DRAM and PCIe as NOC endpoints: tile format (32×32 faces in Z-order), DRAM bank geometry/interleaving, address generation, and PCIe endpoint for host memory access.

DRAM and PCIe Endpoint Emulator Specification (Blackhole)

DRAM and PCIe are not separate buses. Both are NoC endpoints — nodes on the existing NoC grid with fixed XY coordinates. The emulator accesses them via the same NIU command buffer mechanism documented in niu.md. This spec covers:

Tile data format and tilization (what gets stored)
DRAM bank geometry, interleaving, and address generation (how it’s addressed)
PCIe endpoint (host memory access)

1. Tile Format and Tilization

All data flowing through DRAM is tiled. Understanding the tile layout is necessary to interpret DRAM contents during debugging, even though the emulator itself treats tiles as opaque byte blobs.

1.1 Tile Geometry

A 32×32 tile = 1024 elements, stored as 4 contiguous 16×16 faces in Z-order:

Face 0  [rows 0-15,  cols 0-15]   element offsets 0–255
Face 1  [rows 0-15,  cols 16-31]  element offsets 256–511
Face 2  [rows 16-31, cols 0-15]   element offsets 512–767
Face 3  [rows 16-31, cols 16-31]  element offsets 768–1023

Within each face: row-major (16 elements × 16 rows). Element index = face_offset + (r % 16) * 16 + (c % 16).
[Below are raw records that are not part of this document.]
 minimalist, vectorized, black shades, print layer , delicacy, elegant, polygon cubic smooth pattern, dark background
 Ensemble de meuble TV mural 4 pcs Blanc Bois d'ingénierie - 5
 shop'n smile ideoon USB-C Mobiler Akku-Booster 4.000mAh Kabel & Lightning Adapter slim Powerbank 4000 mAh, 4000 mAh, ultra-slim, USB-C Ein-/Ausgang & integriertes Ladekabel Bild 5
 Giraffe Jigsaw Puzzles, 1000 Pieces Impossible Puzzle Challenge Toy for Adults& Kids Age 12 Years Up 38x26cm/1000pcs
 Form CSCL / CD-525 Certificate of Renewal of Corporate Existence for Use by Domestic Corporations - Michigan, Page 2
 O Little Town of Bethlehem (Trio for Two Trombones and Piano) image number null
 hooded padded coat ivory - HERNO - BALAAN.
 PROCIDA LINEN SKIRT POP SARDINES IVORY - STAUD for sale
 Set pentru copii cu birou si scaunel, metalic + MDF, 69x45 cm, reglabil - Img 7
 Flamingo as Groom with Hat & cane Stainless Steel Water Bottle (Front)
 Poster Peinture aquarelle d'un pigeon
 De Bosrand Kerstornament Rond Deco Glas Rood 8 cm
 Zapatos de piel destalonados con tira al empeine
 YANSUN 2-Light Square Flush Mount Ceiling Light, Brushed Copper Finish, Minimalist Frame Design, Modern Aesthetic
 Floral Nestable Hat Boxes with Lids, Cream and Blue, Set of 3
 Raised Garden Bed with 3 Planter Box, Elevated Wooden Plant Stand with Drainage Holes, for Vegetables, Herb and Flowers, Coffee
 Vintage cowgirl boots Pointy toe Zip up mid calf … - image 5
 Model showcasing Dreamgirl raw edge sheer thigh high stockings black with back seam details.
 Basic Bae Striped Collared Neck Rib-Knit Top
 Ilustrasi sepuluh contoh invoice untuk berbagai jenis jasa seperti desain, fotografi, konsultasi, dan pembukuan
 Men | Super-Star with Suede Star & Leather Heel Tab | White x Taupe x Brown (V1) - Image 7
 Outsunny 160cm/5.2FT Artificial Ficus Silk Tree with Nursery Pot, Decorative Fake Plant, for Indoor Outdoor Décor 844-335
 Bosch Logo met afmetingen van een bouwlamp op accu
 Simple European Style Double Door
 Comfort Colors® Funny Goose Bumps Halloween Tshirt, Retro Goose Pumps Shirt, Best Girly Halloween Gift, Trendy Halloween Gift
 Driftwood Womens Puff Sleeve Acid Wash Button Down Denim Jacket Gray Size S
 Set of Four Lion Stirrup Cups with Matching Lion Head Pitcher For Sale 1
The face split exists because the Tensix FPU natively computes 16×16 matrix multiplications. A 32×32 matmul decomposes into four 16×16 face operations. The unpacker reads faces into SrcA/SrcB; the packer writes faces from DEST.

Other hardware-supported tile shapes: 16×32, 32×16, 16×16 — all use 16×16 faces.

1.2 Data Formats and Tile Sizes

enum DataFormat : uint8_t {
    Float32   = 0,   Float16   = 1,   Bfp8   = 2,   Bfp4   = 3,
    Tf32      = 4,   Float16_b = 5,   Bfp8_b = 6,   Bfp4_b = 7,
    Int32     = 8,   UInt16    = 9,   Lf8     = 10,  Bfp2   = 11,
    Int8      = 14,  Bfp2_b    = 15,  Fp8_e4m3 = 0x1A,
    UInt32    = 24,  UInt8     = 30,
    RawUInt8  = 0xF0, RawUInt16 = 0xF1, RawUInt32 = 0xF2,
};

_b suffix = “bfloat” variant (shared exponent per row). Non-_b = “a” format (shared exponent per face).

Tile byte sizes for the standard 32×32 (1024 elements):

Format	Tile size (bytes)	Breakdown
Float32 / Int32 / UInt32 / RawUInt32	4096	1024 × 4
Float16 / Float16_b / UInt16 / RawUInt16	2048	1024 × 2
Bfp8 / Bfp8_b	1088	1024 × 1 (data) + 64 (exponents)
Bfp4 / Bfp4_b	576	512 × 1 (data) + 64 (exponents)
Bfp2 / Bfp2_b	320	256 × 1 (data) + 64 (exponents)
UInt8 / Int8 / Lf8 / Fp8_e4m3 / RawUInt8	1024	1024 × 1

Bfp formats have a separate exponent section appended after the data section: 4 faces × 16 shared exponents per face = 64 bytes.

1.3 Tilization and Untilization

Tilization converts row-major tensor data into the face-based tile layout. Two paths exist:

Host CPU path: convert_layout_row_major_to_tile() in tilize_utils.cpp — pure C++ memcpy loops. Used for small tensors or when device compute is not available. Produces tiles in the face layout above and writes them to DRAM via NoC.

Device compute path (preferred for large tensors): A 3-kernel Tensix program (reader + compute + writer). The compute kernel calls tilize_init() / tilize_block() from compute_kernel_api/tilize.h. Internally, the unpacker hardware has a tileize_mode that reads row-major data from L1 and reorders it into face-based layout directly into the SrcA register file. MATH does A-to-DEST datacopy; PACK writes the tiled output to a CB. All reordering is done by the unpacker unit, not software loops.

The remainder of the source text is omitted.